CIDADANIA
Escrevi neste sábado sobre o esforço que o Supremo
Tribunal Federal tem feito, junto com a escória política do Brasil para
desmoralizar a Lava-Jato. Com muito mais profundidade, o jurista Jorge Béja
destrincha a soltura de Paulo Bernardo. Bela aula que divido com vocês...
DECISÃO
DE TOFFOLI É ABSOLUTAMENTE INÉDITA NA JUSTIÇA BRASILEIRA
Jorge Béja
Foi na edição de quarta-feira da Tribuna da Internet que tomei
conhecimento de que o ministro Dias Toffoli, do STF, havia expedido ordem para
que Paulo Bernardo, marido da senadora Gleisi Hoffmann e que se encontrava
preso por determinação do Juízo Federal da 6ª Vara Criminal de São Paulo, fosse
posto em liberdade. A notícia, cujas fontes eram o Estadão e a Folha, foi
publicada aqui na TI com o título “Toffoli tem uma recaída petista e manda
soltar Paulo Bernardo, seu amigo pessoal”. No rodapé da notícia, nosso editor,
jornalista Carlos Newton, registrou que o ministro tinha fortes relações com o
PT e que por isso deveria se julgar suspeito para decidir. E parodiando o ditado
popular que diz “onde passa um boi passa uma boiada”, Carlos Newton escreveu
que o ministro “abriu a porteira, agora o resto da boiada quer passar”.

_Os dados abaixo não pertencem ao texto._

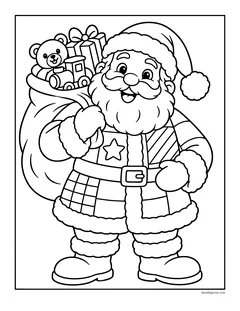 Santa in a patchwork suit carrying a sack full of toys, with a teddy bear and a toy train on top
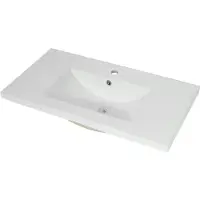 Mendler Wasbak HWC-B19, wastafel voor handwasbak, badkamer, keramiek, vierkant, 81 cm, wit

Também li outras notícias, especialmente a que informava que o
próprio juiz federal, Paulo Bueno Azevedo, que havia decretado a prisão de
Paulo Bernardo, desaprovava a decisão do ministro, embora fosse seu dever
cumpri-la.
ISENÇÃO E FORO ÍNTIMO – A libertação pelo STF, de uma prisão decretada seis dias antes
por um juiz de primeira instância também me deixou surpreso. Não pela relação
do ministro Tóffoli com o PT, partido do qual foi advogado e ao qual Paulo
Bernardo é filiado e foi ministro petista.
Creio na isenção do ministro, que já votou no plenário do STF
contra pretensões petistas, muito embora um juiz jamais deveria julgar causa
que tenha como parte interessada pessoa para quem, no passado recente ou remoto
e antes de assumir a magistratura, já advogou e de quem foi advogado.

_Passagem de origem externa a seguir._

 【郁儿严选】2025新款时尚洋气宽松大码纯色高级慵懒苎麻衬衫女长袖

Mas sendo essa uma questão de foro íntimo, cabe exclusivamente
ao magistrado levantar sua própria suspeição para permitir que um outro colega
seu julgue o caso. Mas uma coisa é certa: a sensibilidade e a moral coletiva
não aceitam. E quando a questão diz respeito aos interesses coletivos, públicos
e nacionais, aí mesmo é que o povo desconfia ainda mais. Mas não será por isso
que vamos lançar desconfiança sobre o referido ministro.
LAÇOS ROMPIDOS – Toffoli foi advogado do PT por longo tempo. Também foi nomeado
Advogado-Geral da União pelo governo petista e pelo mesmo governo ascendeu à
Suprema Corte. Mas esses laços se romperam para o ministro Dias Toffoli. Tanto
romperam que desde que assumiu no STF, Toffoli nunca se julgou suspeito para
julgar causas do interesse do Partido dos Trabalhadores e de seus filiados
governistas, no Executivo e no Legislativo.
Minha surpresa e perplexidade foi a usurpação da uma instância.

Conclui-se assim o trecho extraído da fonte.